You already know the answer. So, do you want to cheat on your taxes or not?


----------



## UberTaxPro (Oct 3, 2014)

ridimic1 said:


> uber reported 30,000 miles while lyft reported 28000 miles
> 
> . I did both lyft and uber together last year
> 
> ...


If you're gonna keep driving start keeping a mileage log today!


----------



## ridimic1 (Feb 6, 2019)

Thanks. I had mileiq about 56000. So what do you recommend about the tax


----------



## UberTaxPro (Oct 3, 2014)

ridimic1 said:


> Thanks. I had mileiq about 56000. So what do you recommend about the tax


If you have a mileage log use that mileage.


----------



## Stevie The magic Unicorn (Apr 3, 2018)

Use mile IQ

The combined total of both uber/lyft will be wrong.


----------



## uber driver guy (Apr 5, 2019)

I need help with the same issue too. Uber reported 19,000 ONLINE MILES not sure if this is the same as with ON TRIP MILES. Is this the only miles I 'll deduct for my tax? Please help.


----------



## Taksomotor (Mar 19, 2019)

ridimic1 said:


> uber reported 30,000 miles while lyft reported 28000 miles
> 
> . I did both lyft and uber together last year
> 
> ...


I would sum them up. You have a paper woork proof for both amounts. It is all legit. And it doesn't even include the miles you drive between the rides, like to come back to the town after you took a farmer to his farmland in the middle of nowhere!


----------



## FLKeys (Dec 27, 2018)

uber driver guy said:


> I need help with the same issue too. Uber reported 19,000 ONLINE MILES not sure if this is the same as with ON TRIP MILES. Is this the only miles I 'll deduct for my tax? Please help.

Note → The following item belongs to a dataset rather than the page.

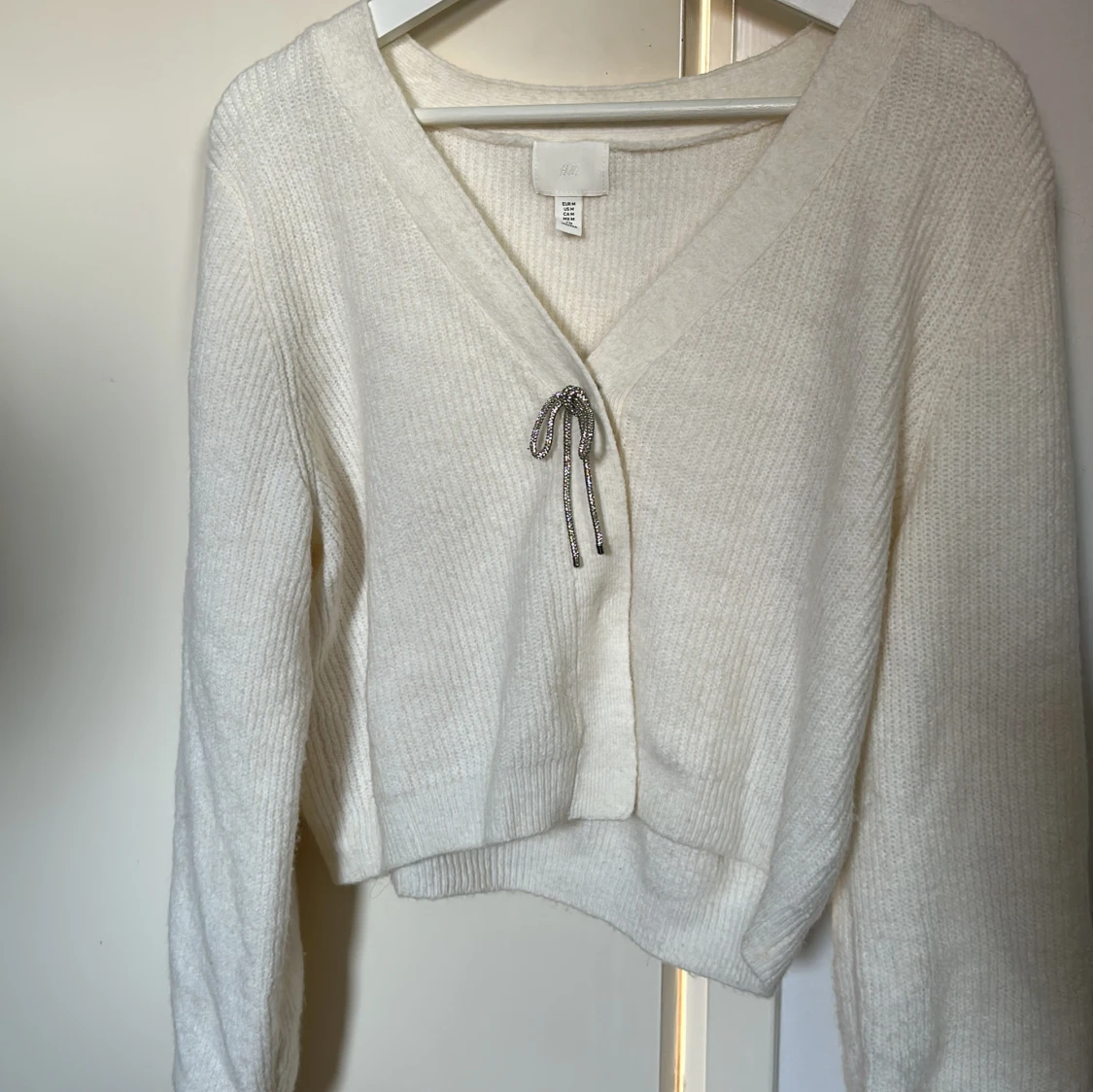 Stickad kofta med glitter detalj - 90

Did you only drive for Uber?
Did you keep a daily mileage log documenting each trip?

The IRS says you should keep detailed mileage logs, those are the miles you can deduct. If you did not keep a proper log than you use the miles Uber reported and go with that. Chances are you are giving away report able miles. You also run the risk of an audit where the auditor may elect to dis allow the miles because you don't have a proper log. Chances are slim. If you drove for both Uber and Lyft and did not keep a log you are kind of screwed because if you had the app on for both companies at the same time you are over reporting miles.


----------



## UberTaxPro (Oct 3, 2014)

uber driver guy said:


> I need help with the same issue too. Uber reported 19,000 ONLINE MILES not sure if this is the same as with ON TRIP MILES. Is this the only miles I 'll deduct for my tax? Please help.


On line includes all miles while your app is running. On trip miles only include miles with pax in vehicle. Without a mileage log using anything more than your uber reported miles would be difficult to substantiate.


----------